Basketball is a terrific sport both to watch and play, but for kindergarteners and first-graders, it can be a little overwhelming. The same goes for dads starting out their coaching career! My boys and I just finished our first season. We had fun and they learned a little basketball along the way too! Here are some things we did that worked for us.
Coaching is, first and foremost, about teaching. Just as important when coaching little kids is keeping it fun. I kept those thoughts foremost, even with warm-ups. Little kids are amazingly flexible already, so we just did a few simple exercises to get the blood flowing, usually about 5-7 minutes. Jumping jacks, toe touches, arm circles, overhead arm stretches, and then a coach-led, zig-zag jog around the court with lots of changes of directions to include trying to catch the tail (last person).
To simplify, we started with single skills: dribbling, passing, shooting, defense. We stressed ambidexterity in all the drills, especially dribbling. Starting with straight-line dribbles (down with the right hand, back with the left), we progressed to zig-zags (which helps to naturally teach the crossover dribble), and then with someone playing defense against them as they brought the ball up the floor.

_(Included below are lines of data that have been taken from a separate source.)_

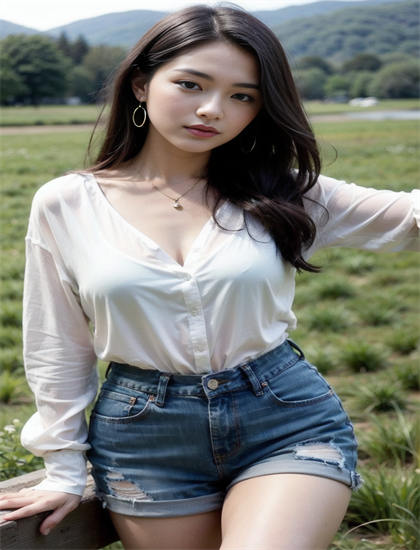 第一次在线观看_摩羯座男人的爱情_嗨放派综艺免费观看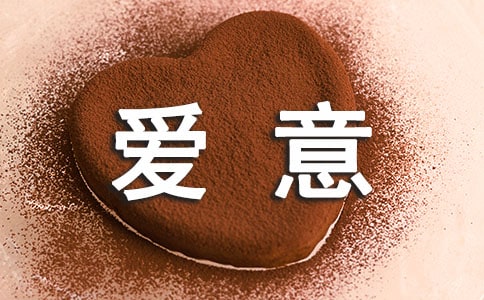 ��������c(di��n)�������M����Đ���ɢ�����p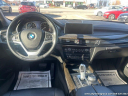 Thumbnail image of 2016 BMW X5 at Ally Motor Group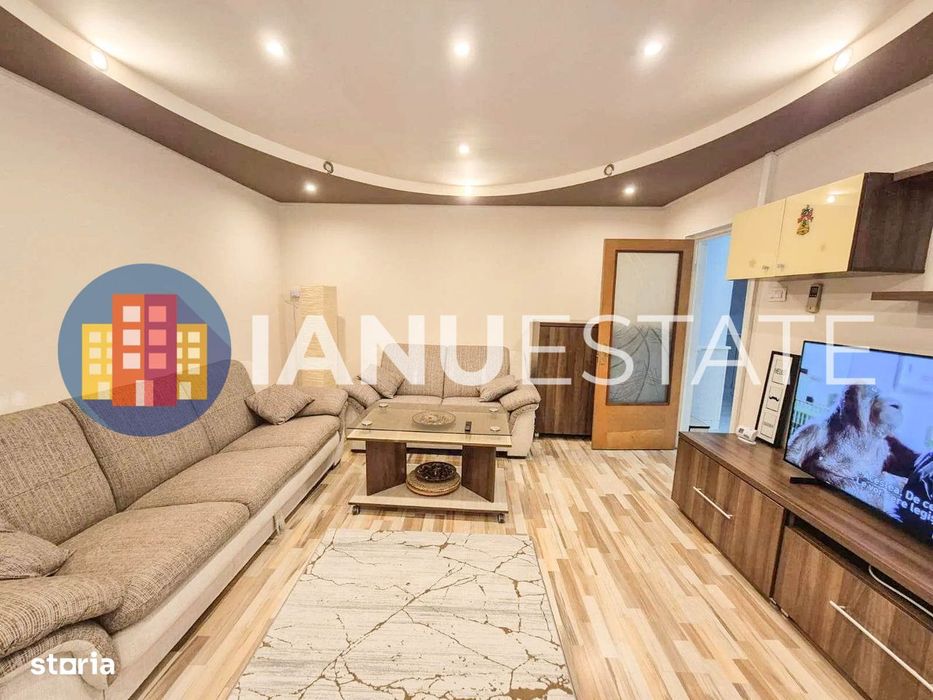 Berceni 5` Metrou Eroii Revolutiei Brancoveanu Parc Centrala Parcare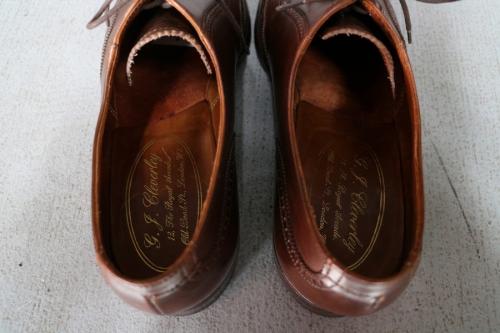 20年05月23日：画像７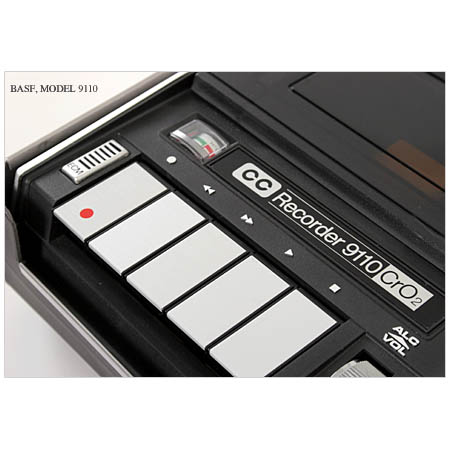 powi�ksz ilustracj�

Knowing there would be enough mashed noses from rebounds and batted balls, we only taught bounce passes. We used two-handed bounce passes from the chest and the step-around one-handed push bounce pass.

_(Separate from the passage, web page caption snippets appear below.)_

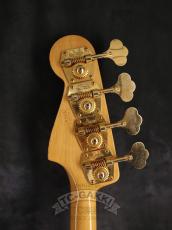 Moon 1990s JJ-4 Active_6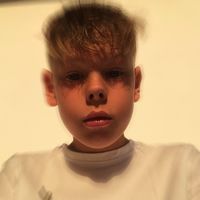 isaacrehov13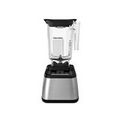 Blendtec Designer 725 Blender in Stainless Black FS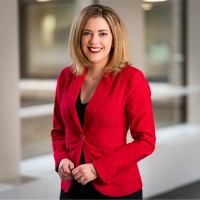 Kimberly Skov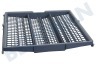 Siemens Lavavajillas SZ36DX02 Cajón de los cubiertos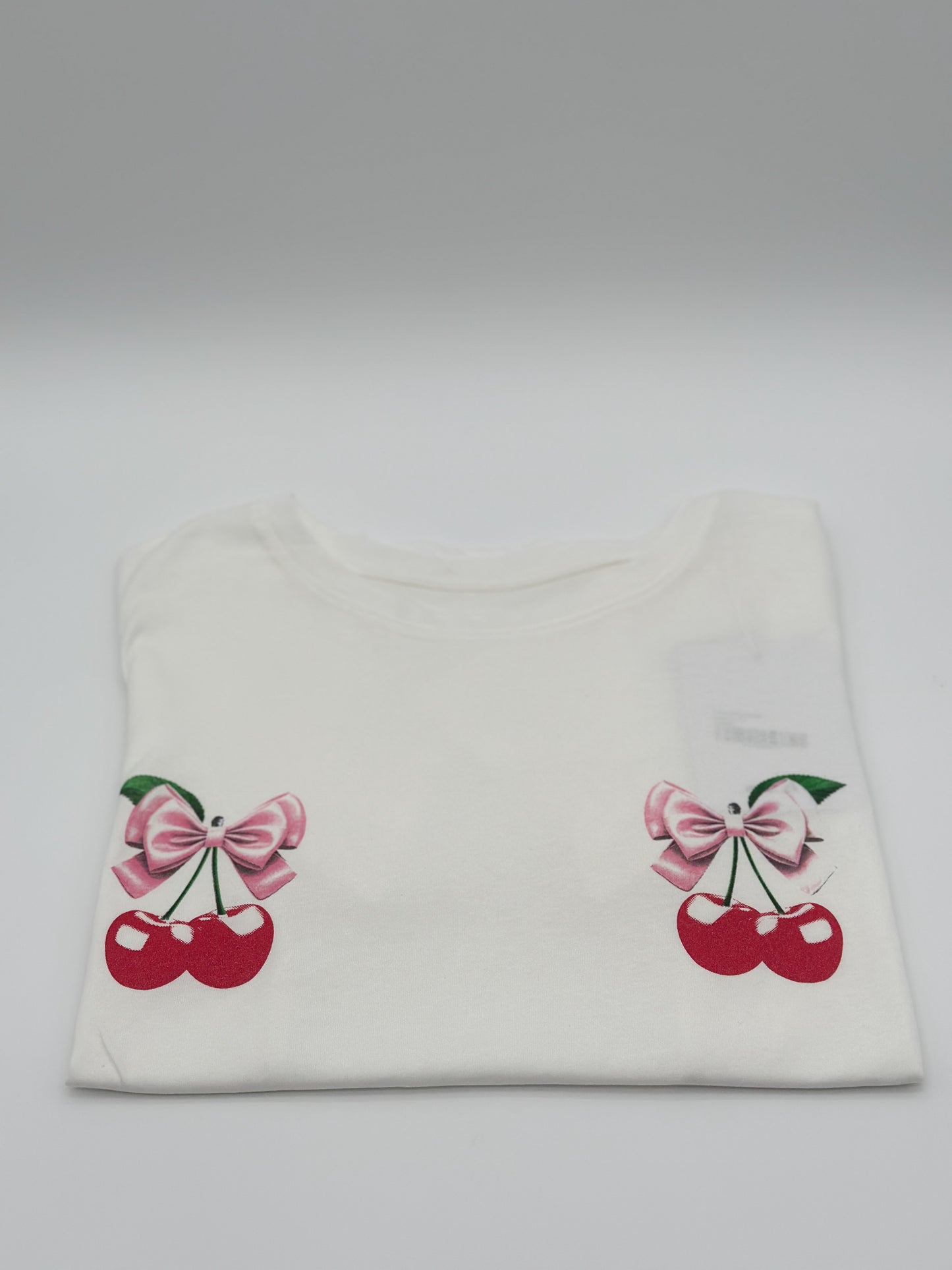LE T-SHIRT PIÙ COOL DI SEMPRE!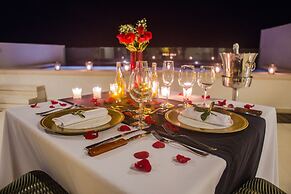 Marival Distinct Residences & Spa  - Handwritten Collection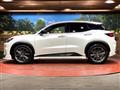 2024 Lexus Other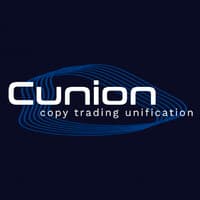 Cunion.io logo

Our league had 9′ rims, but even that was a stretch for some of our guys. We just didn’t emphasize shooting that much. They pretty much chucked it up there however they could.
After 3-4 practices, we started combining two of the skills. Dribble-dribble-shoot was our version of two-lane layups. The player would take two dribbles to the hoop, jump-stop, and shoot. Or we’d have one player pass it to another who would turn and shoot. Again, only combining two things at a time (dribbling/shooting, catching/shooting). This last one was a nice drill because it started working the kids with one another, another key point. With the coach always doing the passing, it isn’t realistic.
Defense was pretty much a free-for-all. We played man-to-man and the kids would chase their “man” all over the court, sometimes even when they were supposed to be on offense!
It was a great experience and I’m already looking forward to next year. If you don’t make it fun, you won’t keep their attention. But as the coach, you need to make sure they learn a little basketball too. It can be frustrating, but when you see your little guys dribble, make a pass to a shooter who turns, shoots, and scores? It’s awesome!